_TASK DIRECTIONS_: Given these entries, repeat exactly the lines starting with the one that has "Trees In A Forest" and going on through the one that has "istock Seagulls at", both included, but none of the pictures.
DATA UNDER STUDY below:
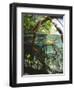 Mangrove Roots, Seychelles, Indian Ocean-Louise Murray-Framed Photographic Print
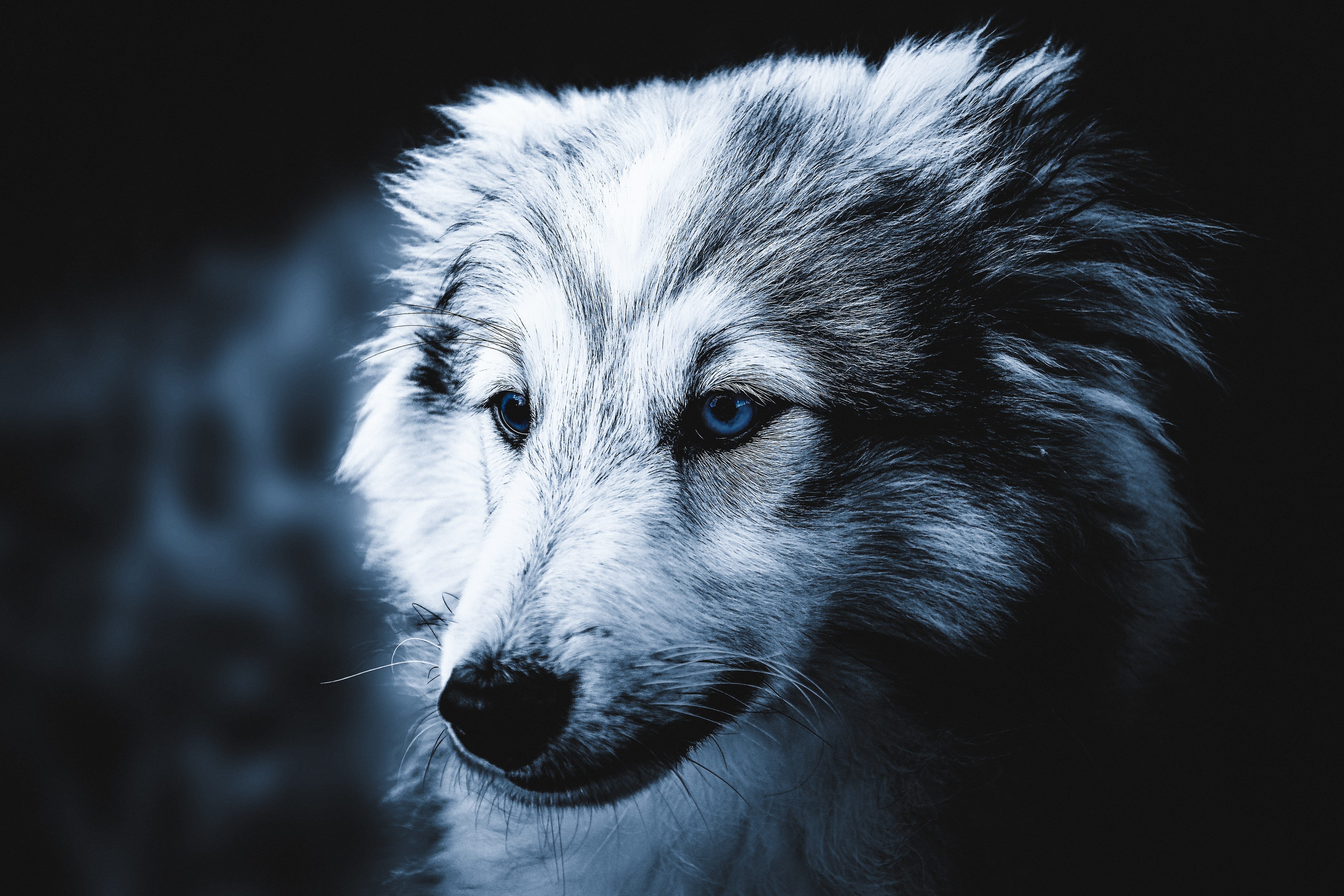 animal head, pet, looking away, focus on foreground, mammal, happy, breed, looking, fun, no people, isolated, adorable, cheerful, beautiful, young, animal eye, HD Wallpaper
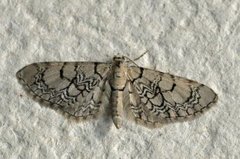 Marmordvergmåler (Eupithecia venosata)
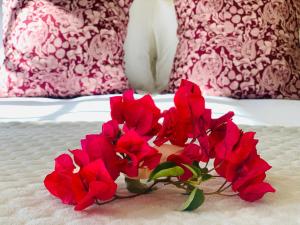 LBloom Country House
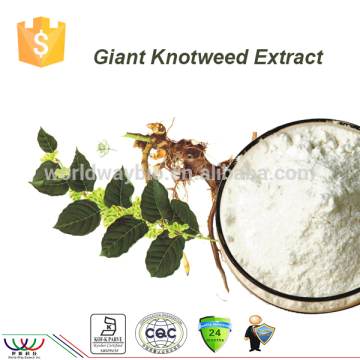 free sample ! China HPLC giant knotweed extract trans resveratrol bulk powder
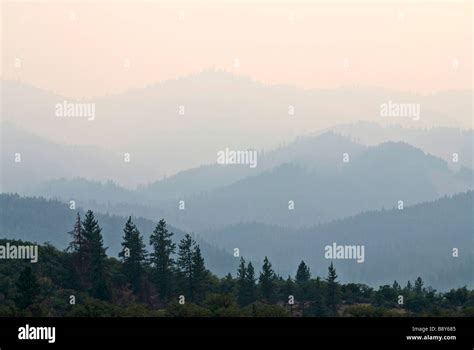 Trees In A Forest Mt Shasta California Usa Stock Photo Alamy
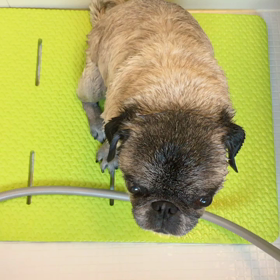 パグの入浴。の画像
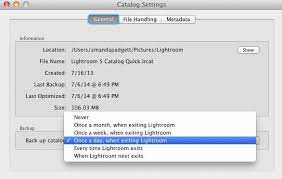 Hopefully the video i posted (see above) helps to clear things up and gives you a good idea of how i keep my catalogs backed up and off my main hard drive in a safe. How To Backup Your Lightroom Catalog Pretty Presets For Lightroom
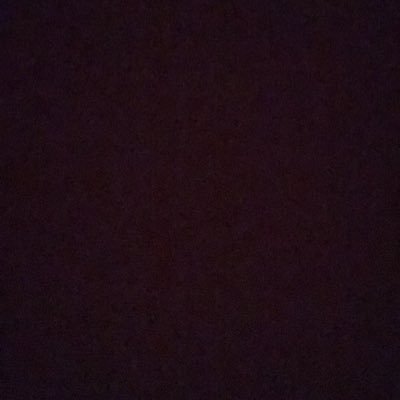 Profile Picture of Kyle Noe (@k_squee) on Twitter
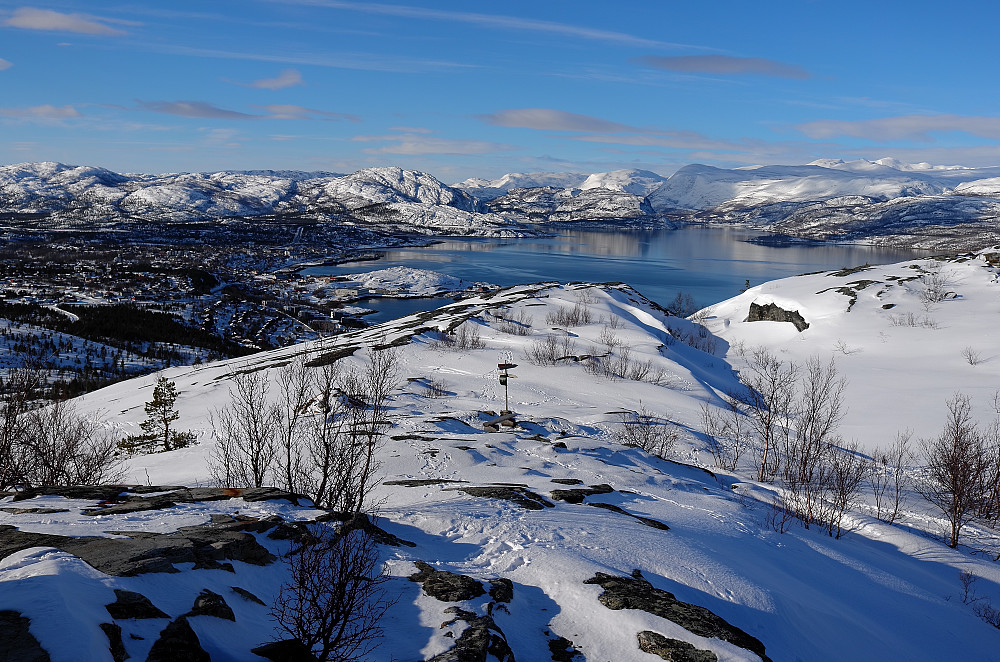 Alta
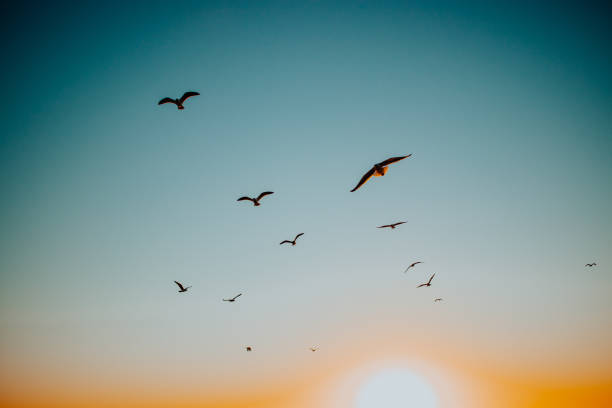 istock Seagulls at the beach at golden hour 1382641238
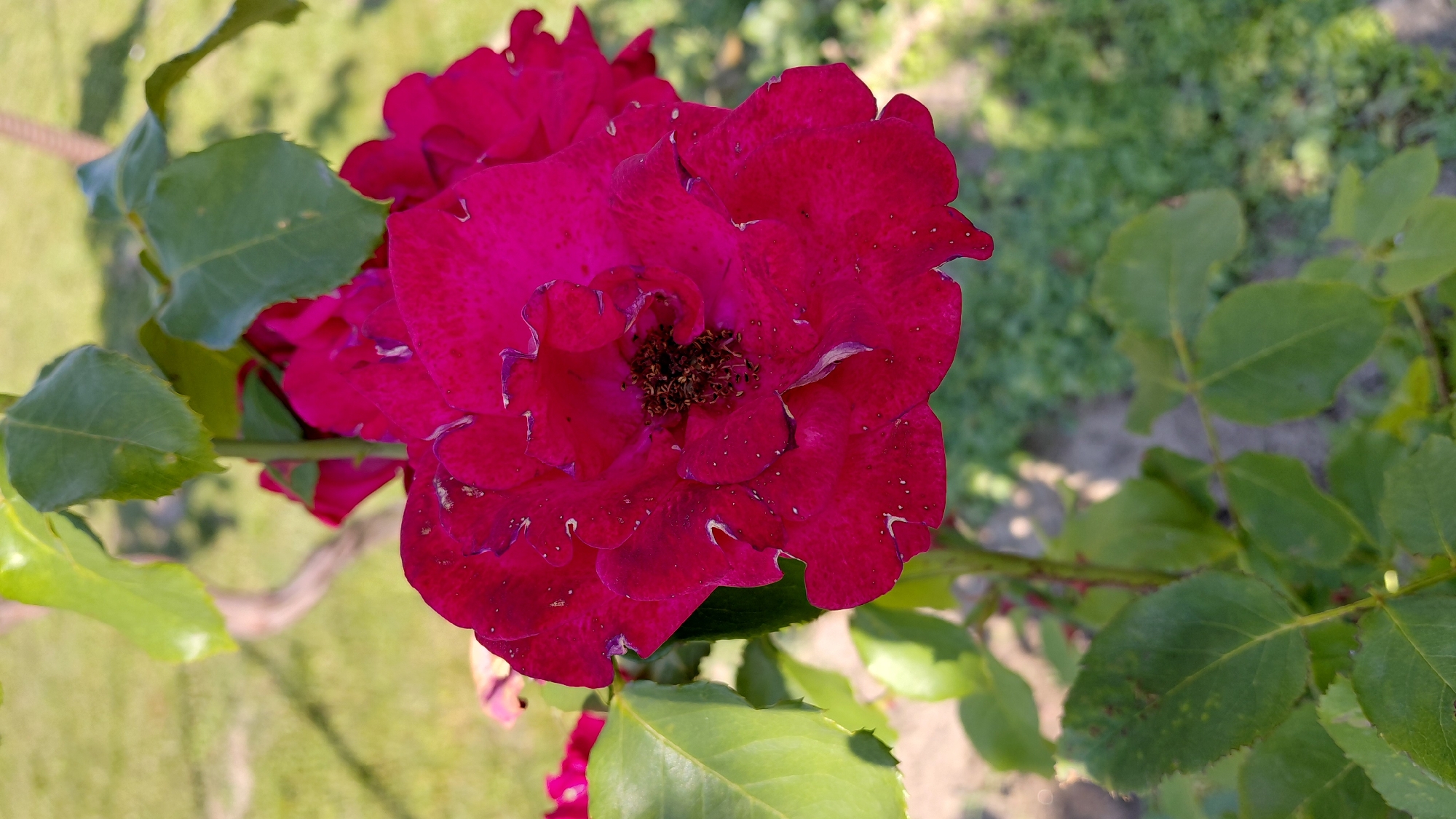 A close-up, eye-level shot captures a vibrant crimson rose in full bloom, its petals slightly ruffled and adorned with small white specks. The rose's center reveals a cluster of dark, dried stamens. Lush green leaves, some showing signs of minor discoloration or damage, surround the flower. The background is a soft blur of green grass and a light brown pathway, suggesting an outdoor setting. The image's perspective and the presence of a rose bush indicate it was taken in a garden or park, possibly in Uzhhorod, Ukraine, where such flora is common in urban green spaces. There are no people or animals visible in the frame. The lighting suggests it is daytime with natural sunlight.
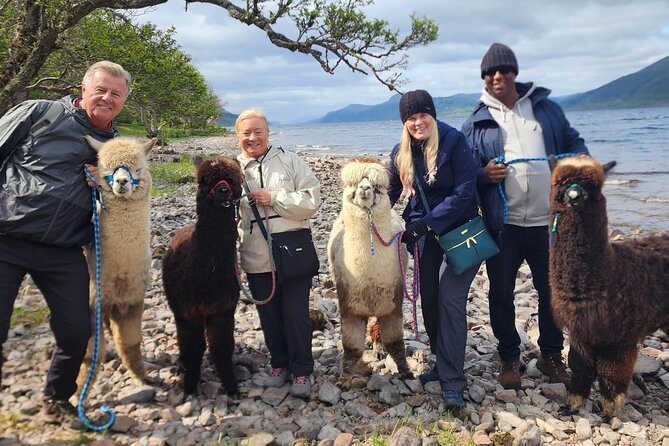 Loch Ness with Castles, Beaches, Mountains and MONSTERS - Why this Loch Ness tour works well from Invergordon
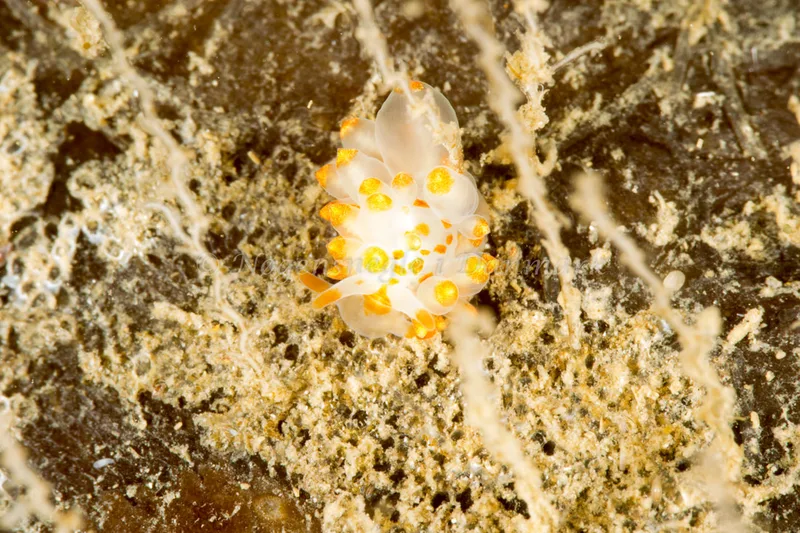 Amphorina farrani - Ammoniakhavnen - Foto: Poul Erik Rasmussen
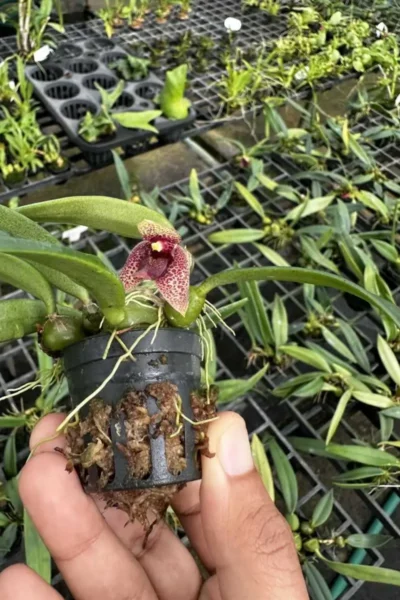 bulbophyllum disciflorum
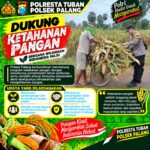 Dukung Astacita, Polsek Palang Polresta Tuban Pantau Langsung Lahan Jagung milik warga Desa Tegalbang
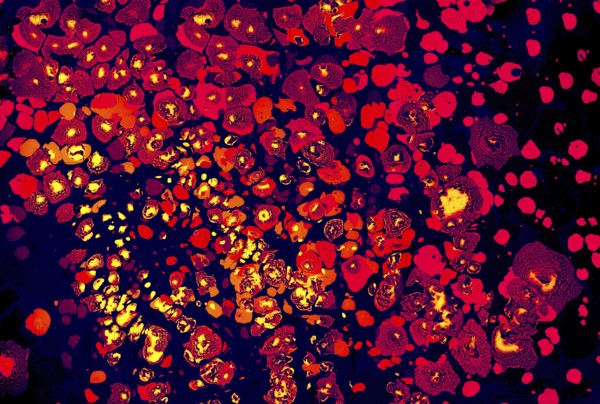 Abstract creative marbling pattern for fabric, design background texture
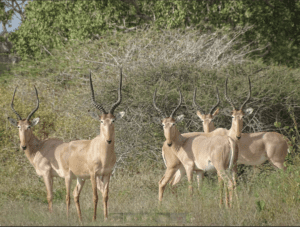 Herd of four blesbok antelopes.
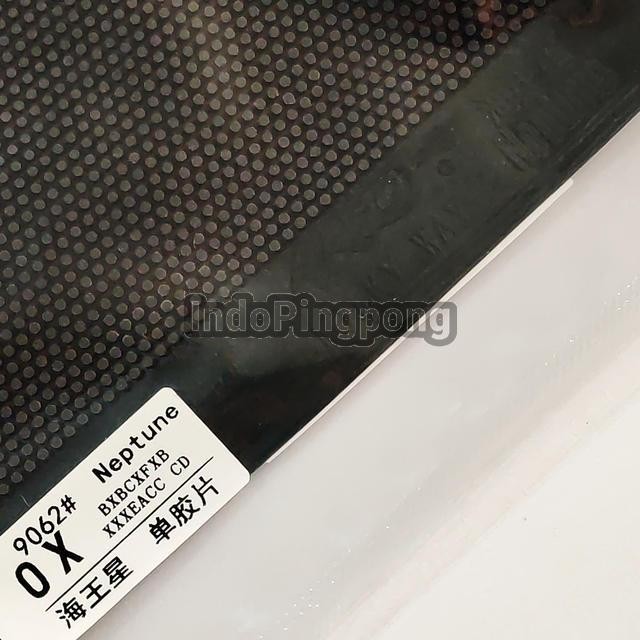 Yinhe Neptune OX - Long Pips Bintik Bertahan Panjang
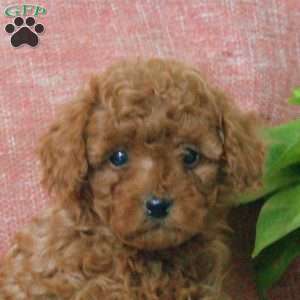 Gloria, Toy Poodle Puppy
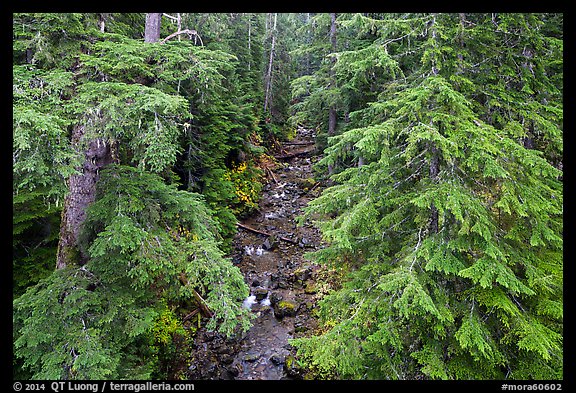 Creek in old-growth forest from above. Mount Rainier National Park (color)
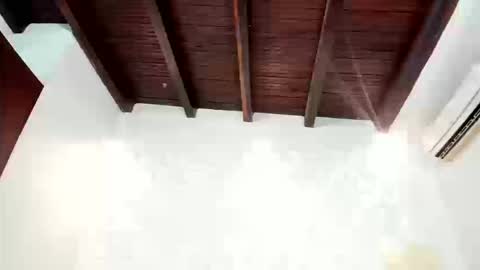 Charlot  online show from 03-11-26, 09:32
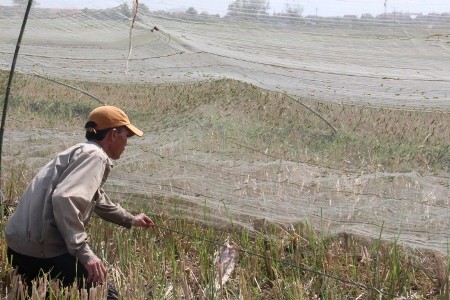 Từng đàn châu chấu bị dính chặt vào lưới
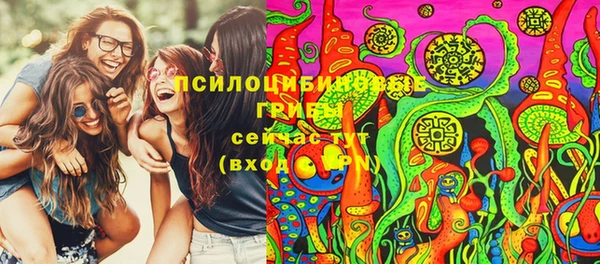 прущая мука Алзамай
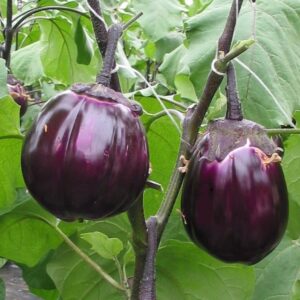 Violetta Di Firenze – Palermitana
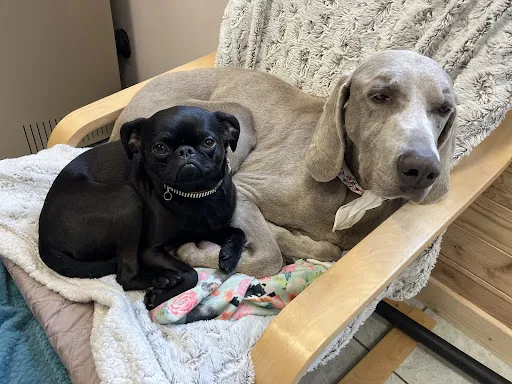 Mystic Dog center à Roanne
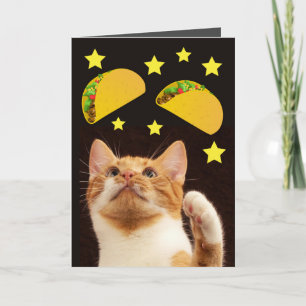 CAT TACO SPACE AVEC CARTES D'ANNIVERSAIRE TACOS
End of DATA UNDER STUDY.
_ANSWER BOX_:
 Trees In A Forest Mt Shasta California Usa Stock Photo Alamy
 パグの入浴。の画像
 Hopefully the video i posted (see above) helps to clear things up and gives you a good idea of how i keep my catalogs backed up and off my main hard drive in a safe. How To Backup Your Lightroom Catalog Pretty Presets For Lightroom
 Profile Picture of Kyle Noe (@k_squee) on Twitter
 Alta
 istock Seagulls at the beach at golden hour 1382641238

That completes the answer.